* TASK TO CARRY OUT:
Below is a block of records; return all of them exactly, but without the images.

*** Opening INPUT RECORDS ***

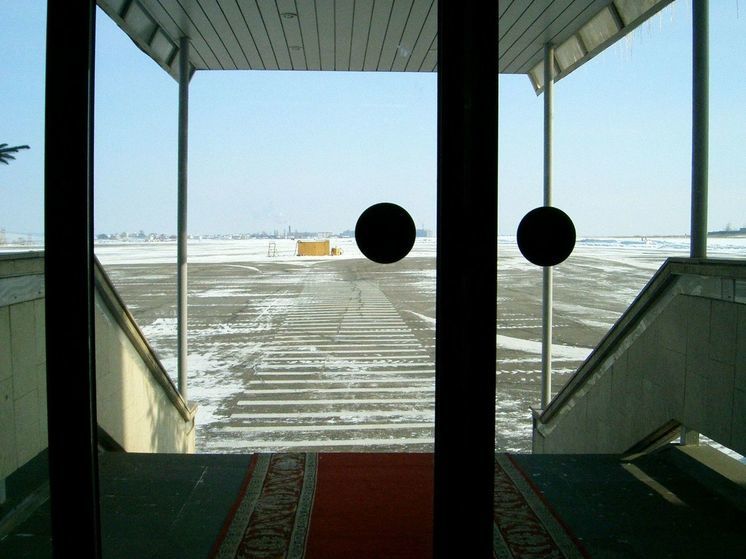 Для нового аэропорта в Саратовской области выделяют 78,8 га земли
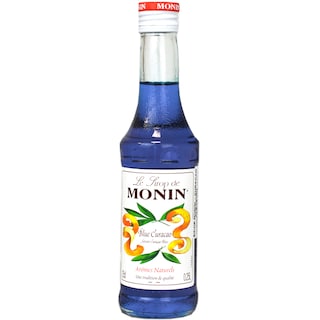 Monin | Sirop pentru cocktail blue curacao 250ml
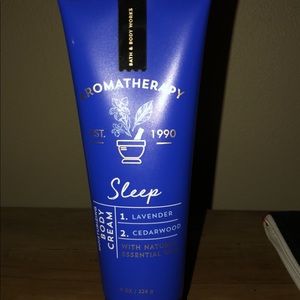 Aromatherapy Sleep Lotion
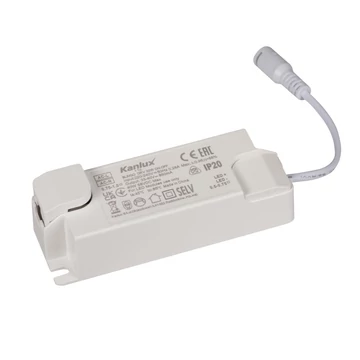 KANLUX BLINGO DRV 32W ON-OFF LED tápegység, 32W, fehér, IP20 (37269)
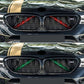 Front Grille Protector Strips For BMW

*** Closing INPUT RECORDS ***

* EXPECTED ANSWER:
 Для нового аэропорта в Саратовской области выделяют 78,8 га земли
 Monin | Sirop pentru cocktail blue curacao 250ml
 Aromatherapy Sleep Lotion
 KANLUX BLINGO DRV 32W ON-OFF LED tápegység, 32W, fehér, IP20 (37269)
 Front Grille Protector Strips For BMW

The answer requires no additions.